By Garth Ruff, Beef Cattle Field Specialist, OSU Extension
Fall is my favorite time of the year, hay making is done, the feeder cattle are being marketed, college football is in full swing, and for some calving season is well underway.
This summer at our field day in Muskingum County we heard from a family who discussed incorporating a fall calving cow herd into their beef operation. While there are disadvantages to fall calving, there are several advantages that can be capitalized on if we can evaluate and adapt current production systems. Let’s look at how fall calving can be a viable and profitable system.
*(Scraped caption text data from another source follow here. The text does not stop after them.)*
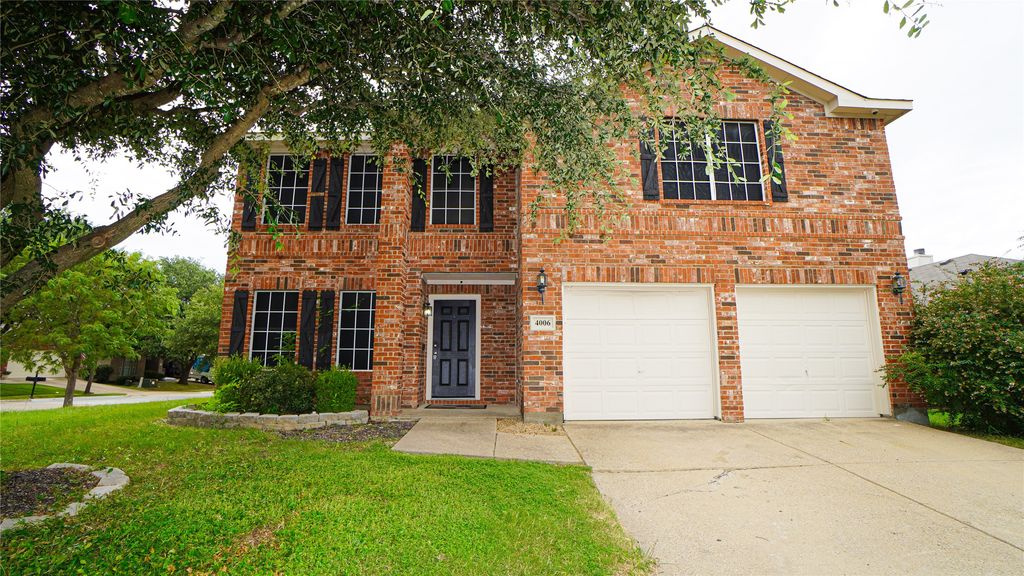 4006 Collin Court, Heartland, TX 75126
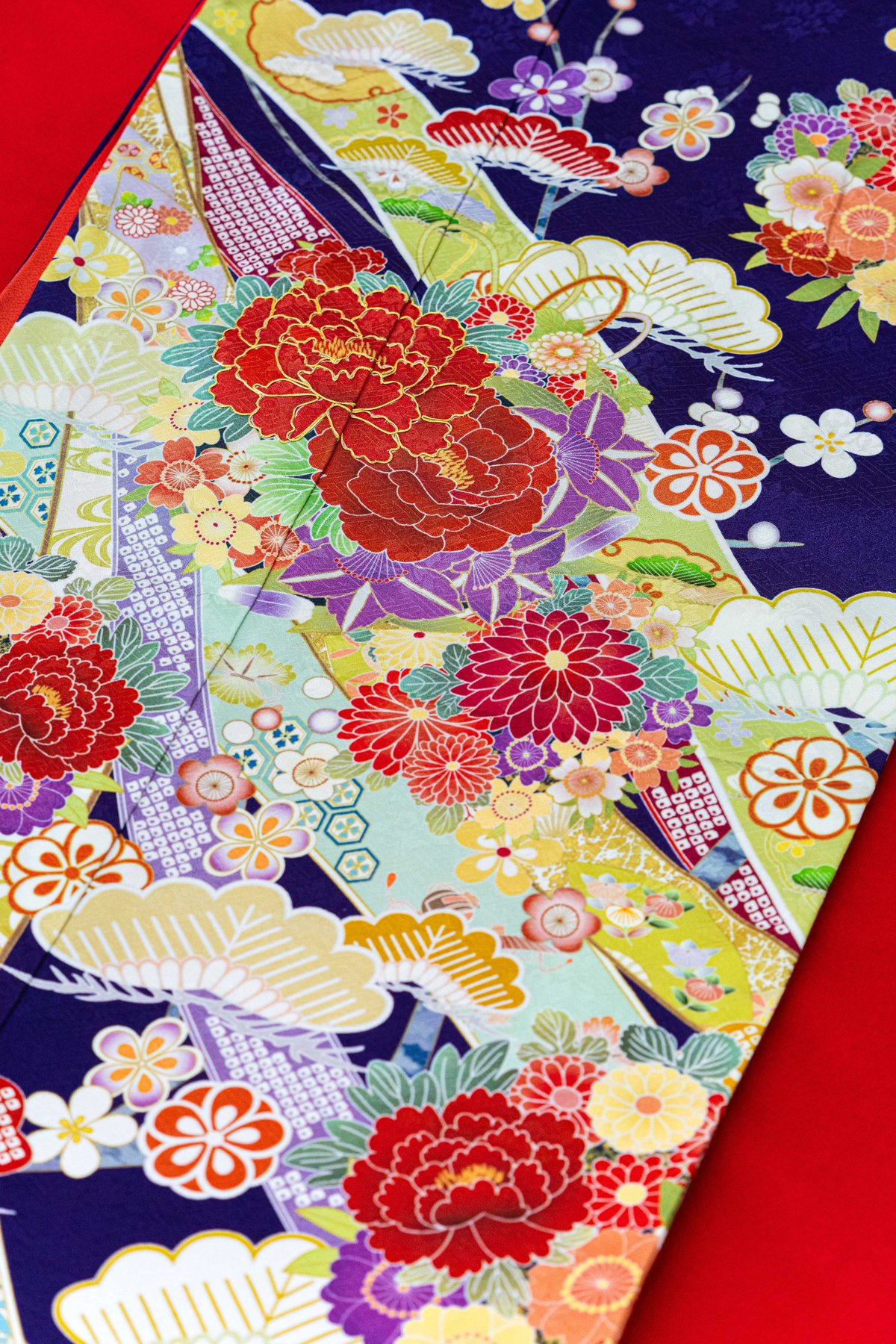 振袖『熨斗目牡丹』新品 青 L | 京のキモノ小物屋さん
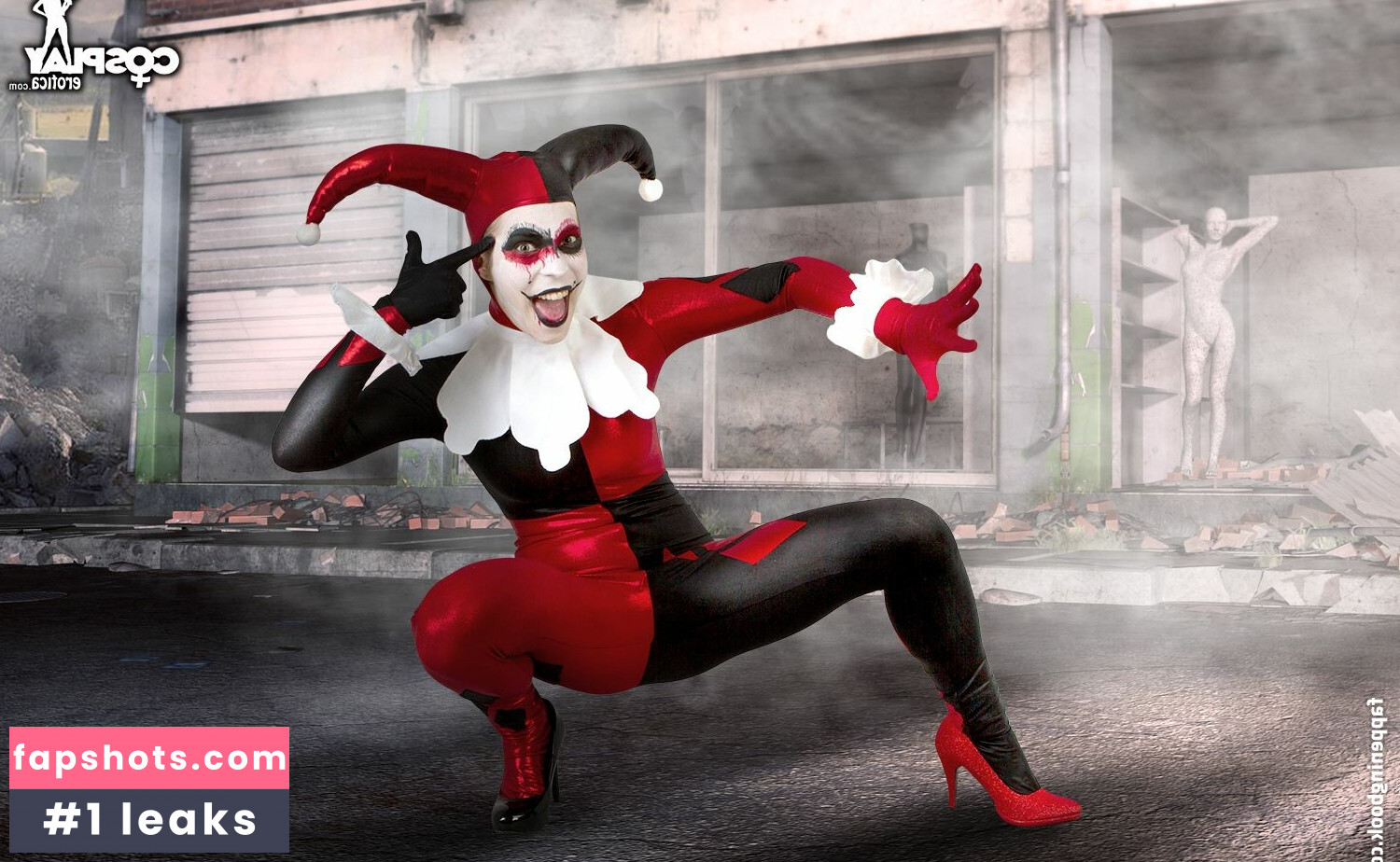 Superheroines gallery photo #50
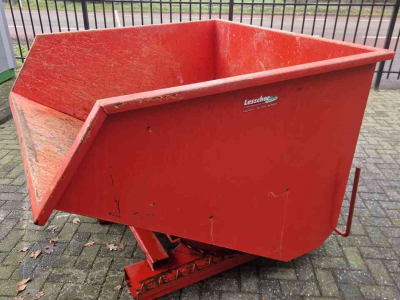 Schwenkbare Grabenräumlöffel Jako k1500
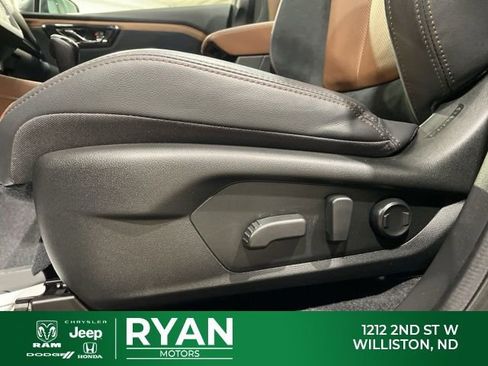 Used 2025 Subaru Forester Touring w/ Popular Package - Touring image 27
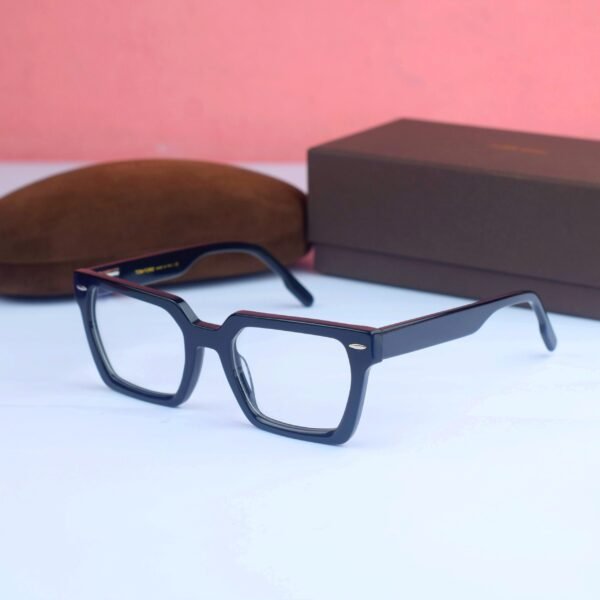Eyeglass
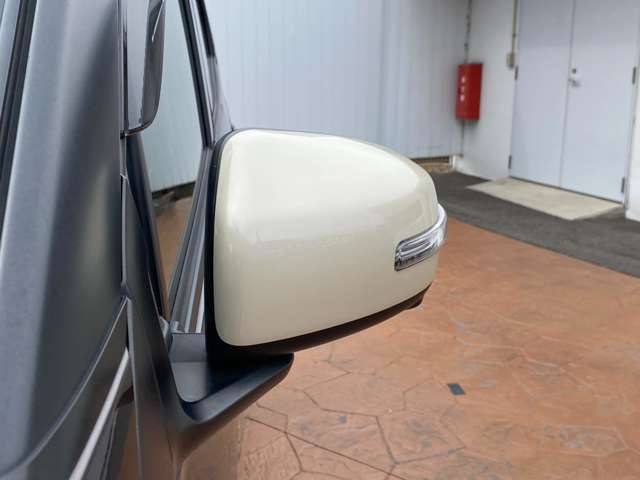 当社自慢のお車です。まずは写真をご覧になってください。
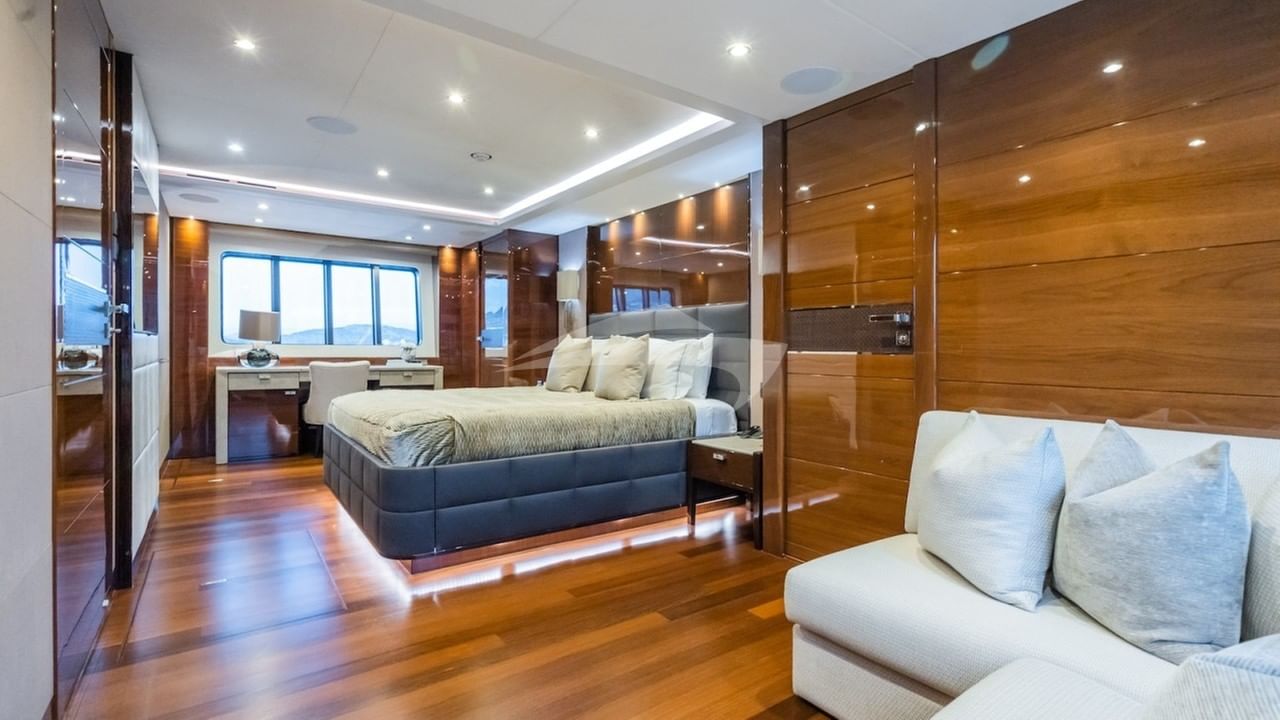 Full beam VIP stateroom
Cattle prices are seasonal
As with most things in agriculture, supply and demand have a great impact on prices. Andrew Griffith from the University of Tennessee in 2017 analyzed several studies comparing spring and fall calving systems. After comparing the systems on a 205-day weaning age and two separate feed resource scenarios they concluded that even though spring-calving cows had heavier calves at weaning and lower feed costs than the fall-calving cows, the higher prices of steer and heifer calves captured by fall-born calves were able to cover the higher feed expenses and lighter weaning weights by the fall-born calves.
In the fall of the year, when most of the weaned spring-born calves are marketed, supply is plentiful for order buyers to fill their feedlot orders. This increased supply contributes to our annual average low in feeder cattle prices.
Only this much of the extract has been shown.